Oh my, I almost forgot how to log in to this blog :) Let’s see if this old thing still worked.
To be honest, I’ve had no inspiration whatsoever to write anything for a long time now. What should I write about? Constantly writing about yourself is not that fun at all, especially when not much new stuff is going down. I’ve been climbing comps for over ten years, and now, and big surprise: I’m still in the game! Good old university is still asking for some hours learning how rocks form deep down below surface and then beg to be climbed. My life, except for a slight quarter life crisis that is of no interest to the world wide web, is kind of what it used to be.
Then one fine day I was surfing around, trying to regain a bit of motivation to train for the last comps – that keep on coming in spite of a feeling that my season ’12 has already ended – and was quite surprised what the climbing websites had to offer. Of course a lot of it was about numbers – and superlatives as always – which logically involves the great Wizard (mr Ondra that is), and then the casual people screaming around in loud electronical voices, to let everybody know their opinions, often based on very thick air.
So, training motivation had te be found elsewhere (on a snowy mountain, where else), but it got me in a mood to put in my tuppence worth to several themes swirling around the planet in bits and bytes, maybe more terabytes thesedays…Since very few actually made it across the upper text and were even willing to click the little link continue reading, I hope I don’t do nobody wrong – to be read in strong American accent.
In his usual trips of true carnage the Wizard has been setting the upper limits of modern sportsclimbing, alike a mission to take down all the hard routes the planet has to offer. Lately he visited the Red River Gorge (RRG), where he was not the only one pulling hard on its majestical sandstone crimpers. A fine selection of top climbers showed their skills on the local testpieces, which put a coin in the machine that sets the climbing internet rolling. Beside lots of merited praise the usual polemics on (down)grading started, and within no-time the RRG seemed to loose most of its charm. What suprised me, is that most talk is about how hard the high-end routes in this area really are, instead of pointing out their sheer beauty as well. I have seldom climbed routes as nice as these, which weighs ten times more than the question if we’re handling with a 14c or d. These climbers didn’t come to the Reds as an army to destroy soft grades, they went there and climbed those routes because other people told them: Go do it, these routes are first class!
Now don’t get me wrong, of course the question comes up about what grade a route deserves, like it did to me, after I climbed in the Reds, but to get lost at this point will put the rest in shade.

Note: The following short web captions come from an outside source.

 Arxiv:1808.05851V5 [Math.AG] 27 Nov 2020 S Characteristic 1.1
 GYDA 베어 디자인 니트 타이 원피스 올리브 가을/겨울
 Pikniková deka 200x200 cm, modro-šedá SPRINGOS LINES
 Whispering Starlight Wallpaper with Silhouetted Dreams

To point out my confusion and reason to lack of interest after a while, here’s my thoughts on grading some specific hard routes:
It only seems logical to compare routes to each other, in able to figure out its grade. For this, you need a benchmark. Since I haven’t climbed many hard routes I picked one which seemed the best to me: Hades 9a, several repeats, all seem to agree, the Wizard even said a tough one. Comparing this route with Pure Imagination, a proposed 9a in the Reds, it seemed quite similar. The amount of time it took me, the feeling of how near or how far this was to my limit, the style of climbing, it seemed to align. One on sight and one flash later the grade has dropped to (soft) 8c+. To me there’s a big difference between easy 8c+ and tough 9a, so where’s my comparison? Lost. That’s why I had dropped it already. To me it felt weird to be able to climb a route in a couple of tries, reaching the anchor with some fuel left, and believe this route was 9a, hence my correction of some of the routes I’ve done lately. To come to the point, 8c or 9a, maybe there’s something else about certain routes that is more important than a subjective number. And maybe even the Wizards opinion cannot always be taken for granted, as nowadays it seems to be new law. Even guys that climb a hundred 9a’s still have a teinted opinion, only a more trustworthy one, because they just have more comparison.

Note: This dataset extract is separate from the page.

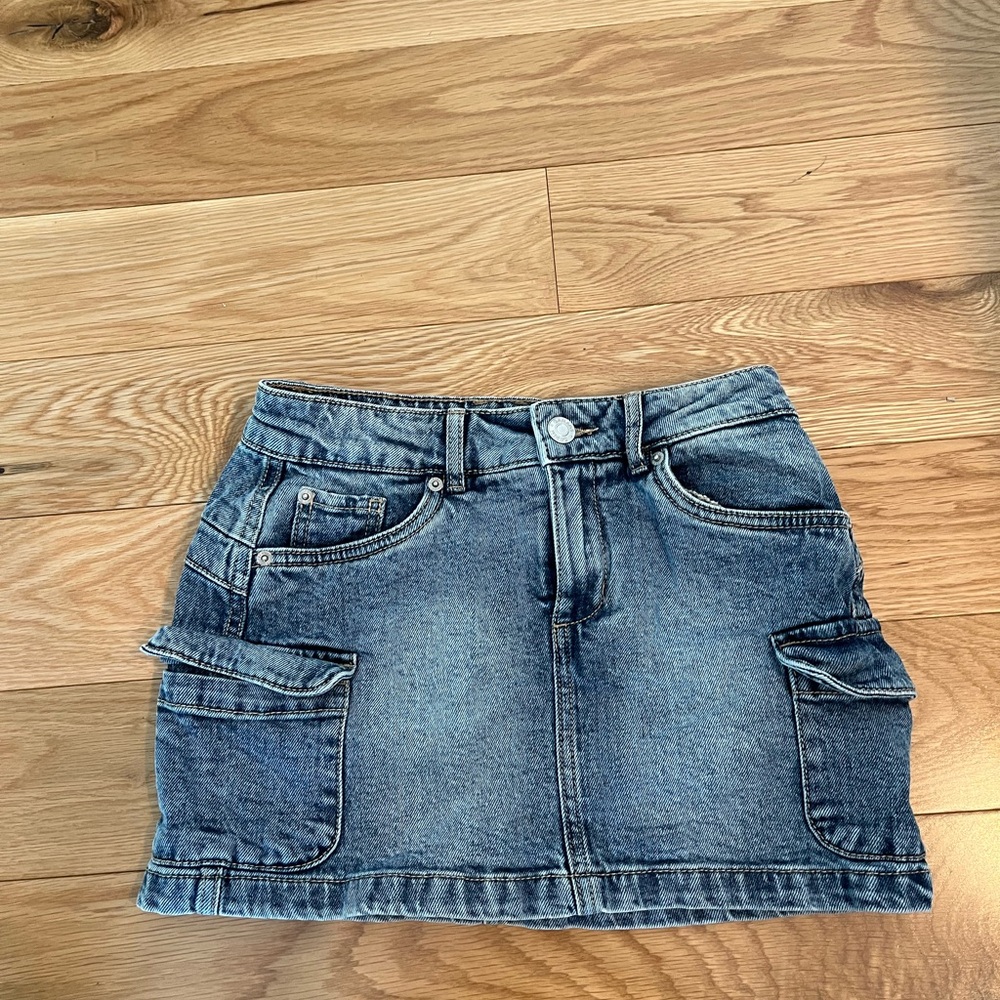 Garage Washed Blue Denim Cargo Mini Skirt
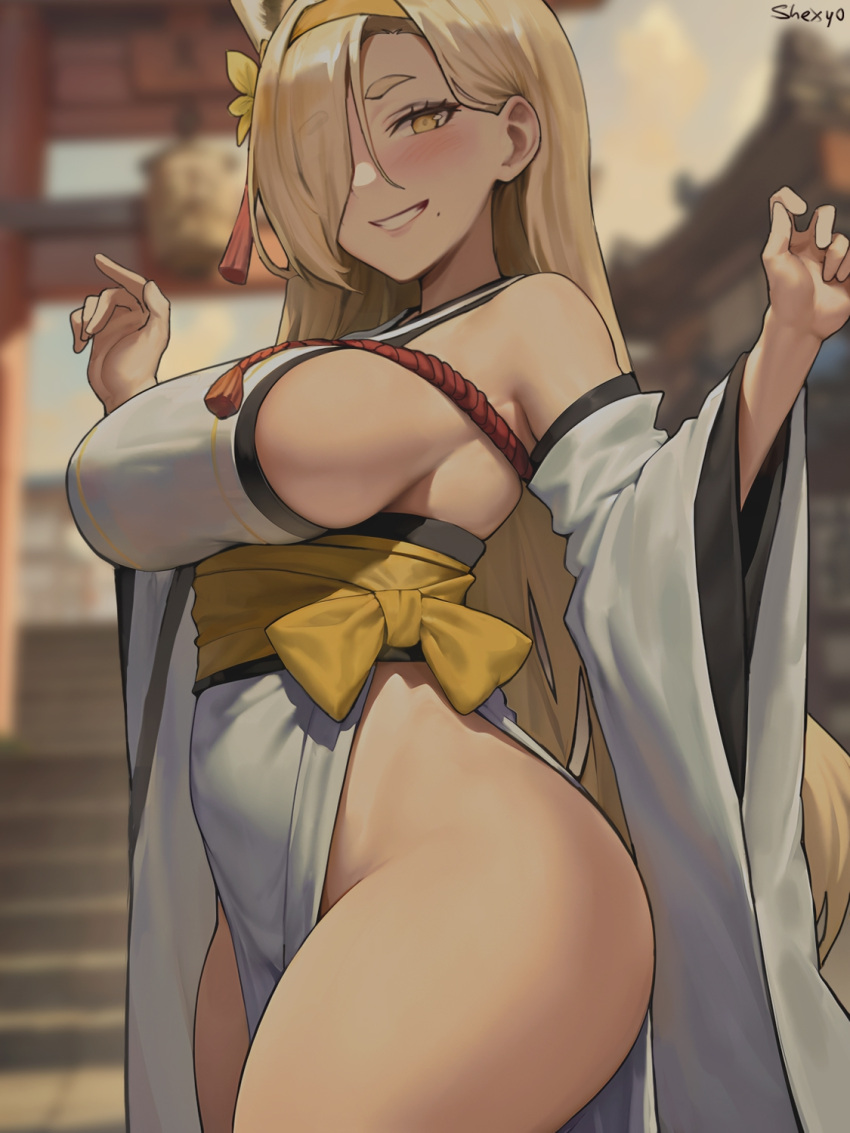 1girls allied_hyakkiyako_academy_student beauty_mark big_breasts blonde_hair blue_archive breasts female fox_girl hair_over_one_eye kaho_(blue_archive) kitsune long_hair shexyo shrine_maiden sideboob smile thick_thighs thighs yellow_eyes yin-yang_club_(blue_archive)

Another topic that quite angered me was the debates going on about competition climbing, mostly taken place on rockclimbing focussed websites. Statements were being made without sufficient – or any – information on the topic, routesetters and judges attacked (only verbally, don’t worry), always mixed with the theme of the day: the climbers’ olympic dream. To be honest, I am a strong critic of climbing competitions, and after a couple of years in the athlete commission trying to improve stuff, I’ve gotten pretty tired of messed up worldcups myself. But I don’t understand why people, after watching a couple of live streams, scream murder just because they think climbing competitions should be according to their ideas. Maybe it would be a good thing to keep in mind that quite a few souls within the IFSC and the national federations, as well as organizers themselves, have spent a long time pondering about different solutions for problems to be solved, and that lots of possible schemes have been thought over or tried out, until the current one was picked.
That surely wasn’t more than two pence,was it? A short inspirational moment to write something unimportant…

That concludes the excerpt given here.